Wind turbine power curve optimization via Active Flow Control
One of the greatest challenges of our society is to improve the efficiency of energy-converting devices, as well as to advance in the use of clean, low-cost renewable energy. In this project, we focus on the wind energy generated by large horizontal axis wind turbines (HAWT). The objective is to develop novel techniques to improve their performance and operating range, affecting the intermittency of these systems and the cost of the energy generated. In particular, this project will tackle two of the main limitations of wind turbine designs:
Wind turbine blades experience low-span flow separation in production: This aspect is especially relevant between the cut-in and rated wind speeds, where the blade loading is not especially high, and suppression of flow separation by means of, e.g., active flow control (AFC) devices, as proposed in this project, may result in an increase of the torque, and thus in the produced energy. This could be seen as an enhancement of the turbine performance.
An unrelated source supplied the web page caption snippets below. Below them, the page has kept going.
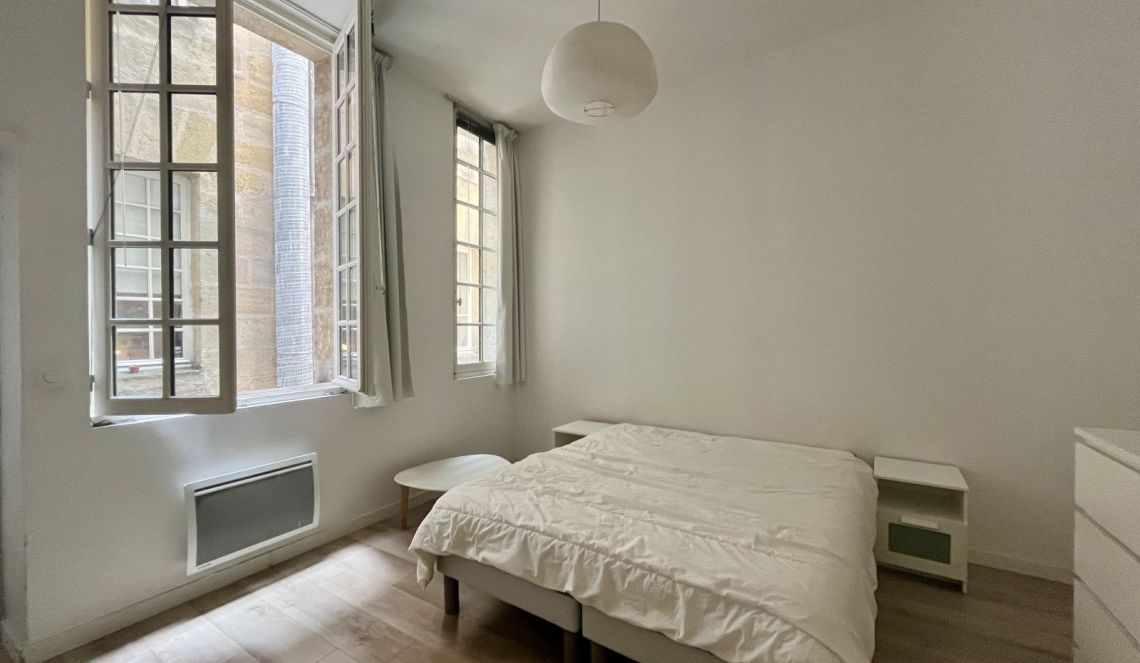 chambre meublée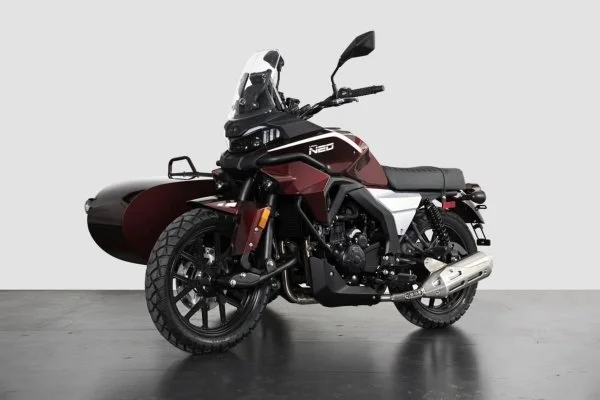 Photographie du side-car Ural Neo 500 Burgundy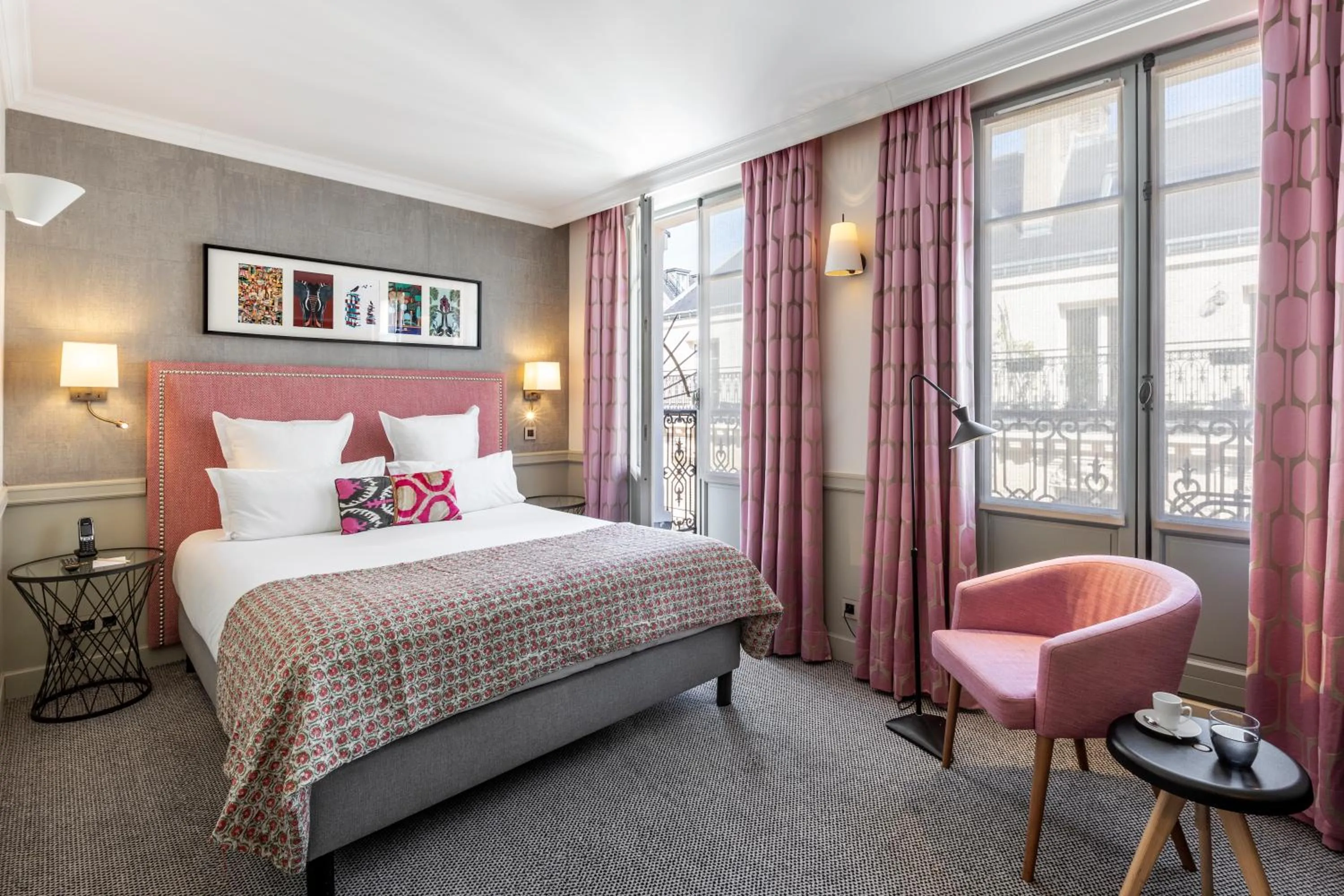 Bed in Hôtel Adèle & Jules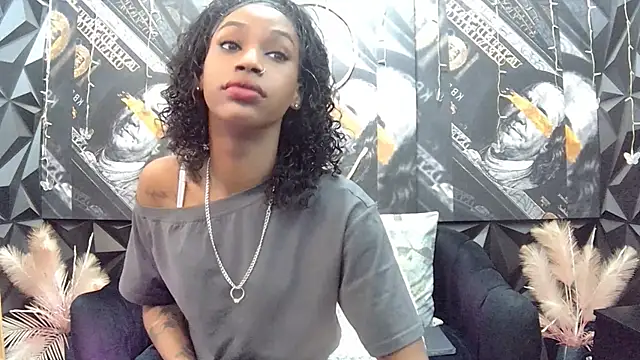 Lilmisbaddyxxx online show from October 2025 07:25:02 PM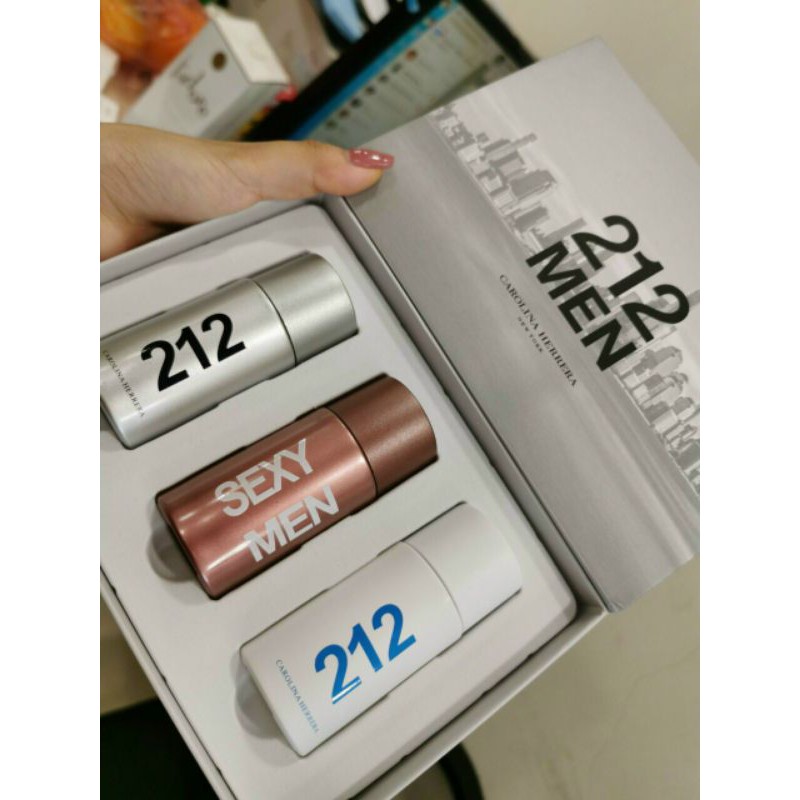 Set Bộ Nước Hoa Carolina Herrera 212 Men 3 chai /30ml chai | BigBuy360 - bigbuy360.vn
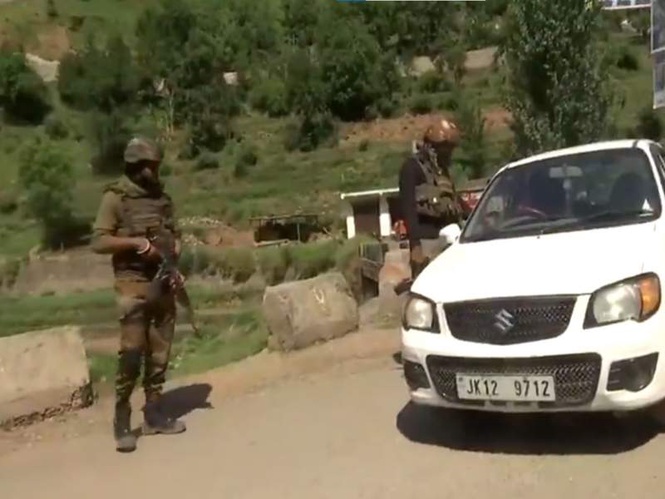 Image from: J-K: 'Operation Sheruwali' enters 32nd day in Rajouri, search operation continues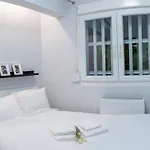 Discover_1 Modern Retreat At The Heart Of The City
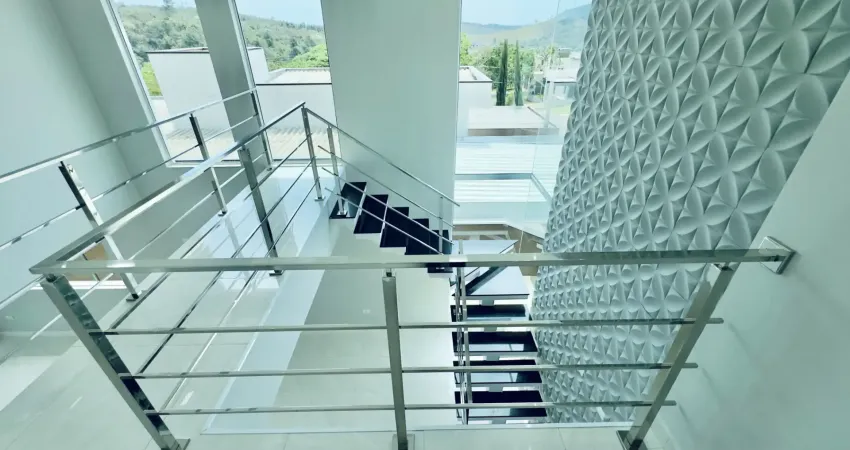 Sobrado á venda no Condomínio Terras de Atibaia em Atibaia -SP !!!!!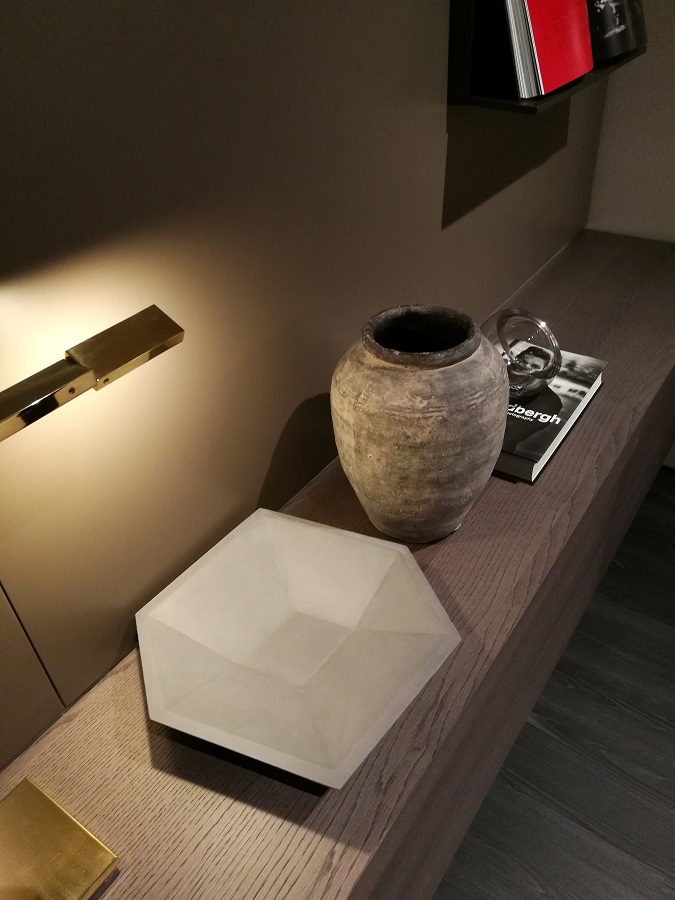 cubeplate by urbi et orbi design by valentino marengo at MolteniC booth salone 2018 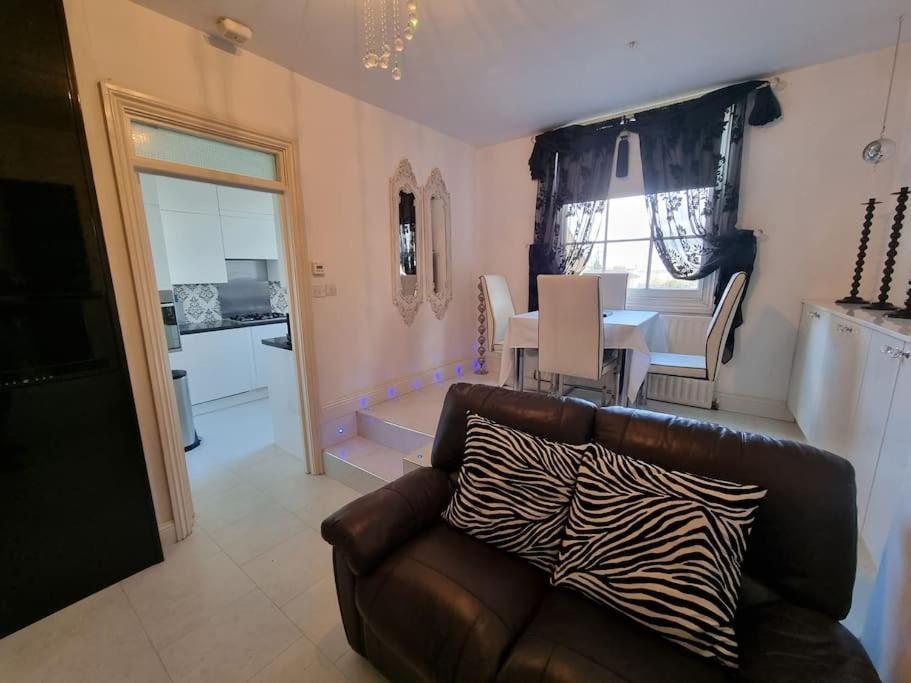 Beautiful Apartment In The Heart Of Rochester Rochester  Eksteriør bilde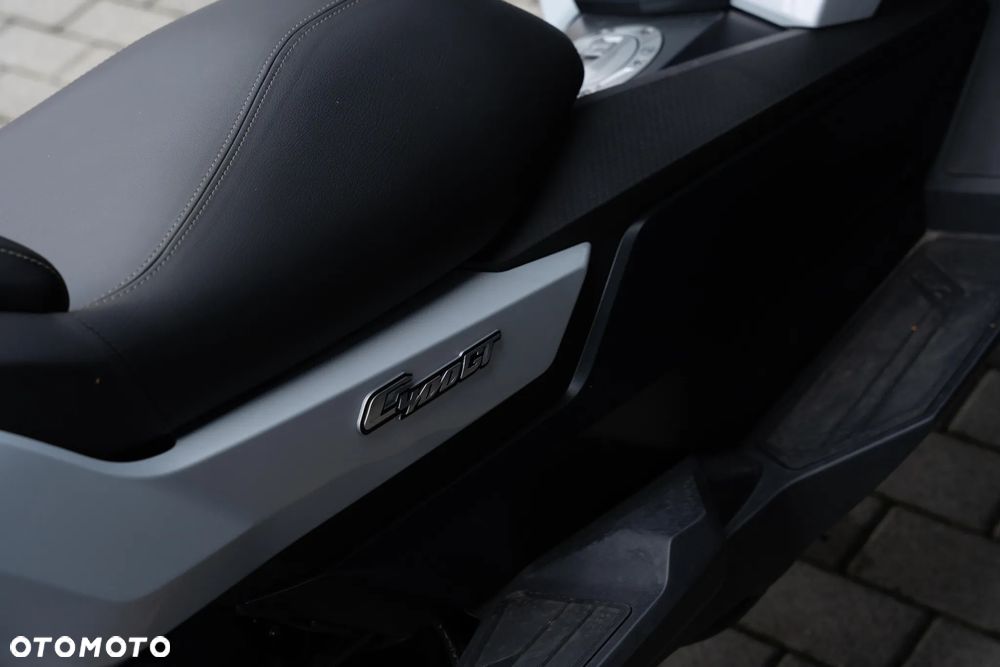 BMW R - 6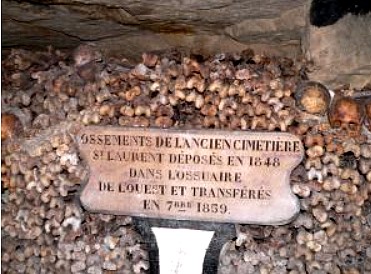 Catacombes : les dépôts provenant de l’église Saint-Laurent. 1848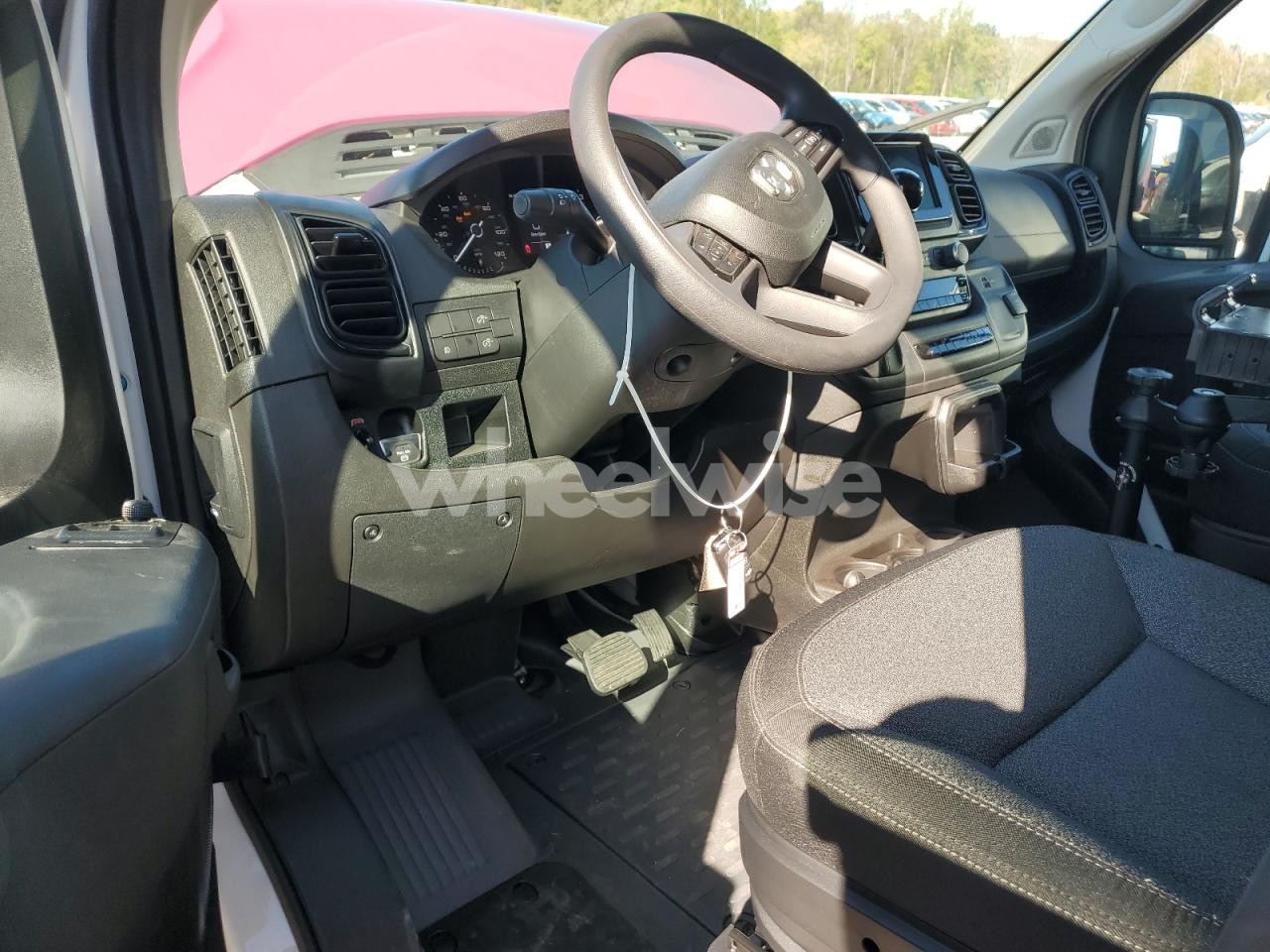 Photo 8 of 2024 RAM PROMASTER 1500 1500 STANDARD (VIN 3C6LRVNG3RE151366)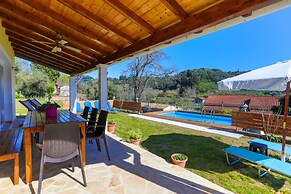 Green Family Villa in Agios Ioannis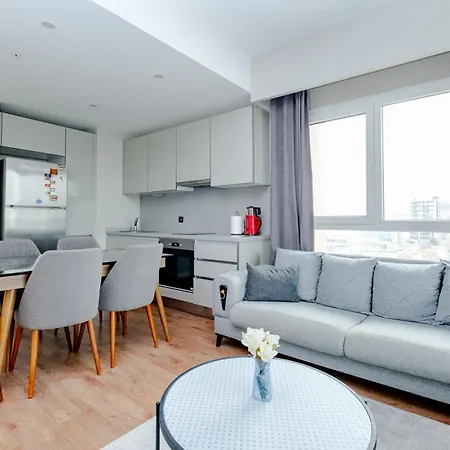 Lux 1 1 Saloon Apartment *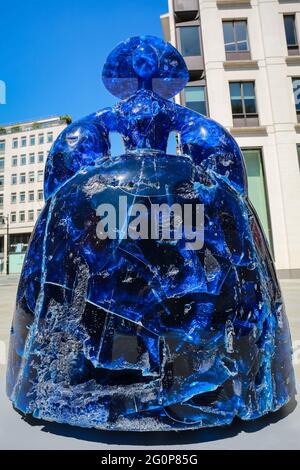 Londra, Regno Unito. 01 giu 2021. Sentiero delle sculture di Mayfair 2021. Scultura 'Infanta Margarita Rosso e Blu' di Manolo Valdes. Credito: Waldemar Sikora Foto Stock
The pitch control overloads the inboard part of the blades beyond the rated speed: Due to the correlation that the pitch mechanism imposes to all blade sections, the tangential loads have to be significantly increased to keep the maximum torque. In this project, we propose the combination of pitch actuation with selective promotion of flow separation beyond the rated speed, to break locally the correlation of the blade sections. In particular, 1) flow separation would be intentionally promoted in selected blade regions to reduce the loads where necessary, and 2) the pitch settings would be re-tuned to meet the maximum torque, while ensuring that the loads in all the blade sections do not exceed the design specifications.
Together with the mentioned increase in turbine performance below the rated speed and the load alleviation capabilities represented by these two objectives, the correct management of flow separation within the whole turbine operating range would also allow to:
Reduce the cut-in wind speed: As suppression of the low-span flow separation increases the rotor torque, power generation by the turbine is thus expected to start at lower wind speeds.
Increase the cut-out wind speed: Flow separation in selected blade sections is expected to result in a more effective blade loading control strategy. This would allow extending the wind turbine operating range beyond the cut-out speed of the baseline turbine design.